For many years, the Hannibal Board of Public Works (HBPW) has continued to work hard to eliminate the threat of lead from customers’ drinking water supply. A metal used for most of the 20th century in everything from paint and gasoline to plumbing pipes and fixtures, lead has been linked to several serious health ailments. Because it can accumulate in the body, infants, children and developing fetuses are particularly susceptible to the effects of lead exposure. Due to part of these reasons, the Biden-Harris Administration has recently approved the Bipartisan Infrastructure Law. The President has created an agenda that begins with providing $55 billion in direct funding from the Bipartisan Infrastructure Law to have all lead service lines replaced through the Drinking Water State Revolving Fund. Guidance pertaining to this updated legislation has not been released, but officials say in the first quarter of 2022, guidance will be provided to cover implementation issues such as eligibility and application requirements.

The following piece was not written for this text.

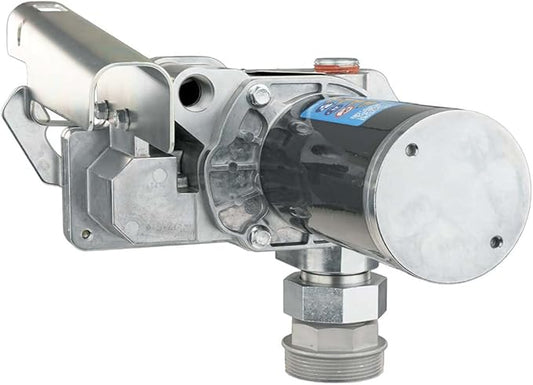 GPI - M-150 Series Fuel Transfer Pump, Spin Collar- Pump Only, 15 GPM, 12 Volt (110000-103)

Due to our diligence to eliminate the threat of lead from drinking water, we have and will remain in compliance with regulations set forth from the Missouri Department of Natural Resources (MDNR) and the Environmental Protection Agency (EPA). The water leaving our water treatment plant and traveling through water mains is almost always free of lead. However, lead is sometimes present in pipes connecting some older homes to the water system. This modernized legislation is a step forward in taking preventive measures to protect families all over the world by removing sources of lead from pipes and plumbing. As your local water utility, being proactive is our number one priority in continuing to provide our customers with water services that meet and/or exceed all Federal and State regulations.

How can lead get into the drinking water?
Water from the Mississippi River flows into the treatment plant, then through a series of pipes before it gets to your home or place of business. Hannibal’s water does not contain lead above 1 part per billion.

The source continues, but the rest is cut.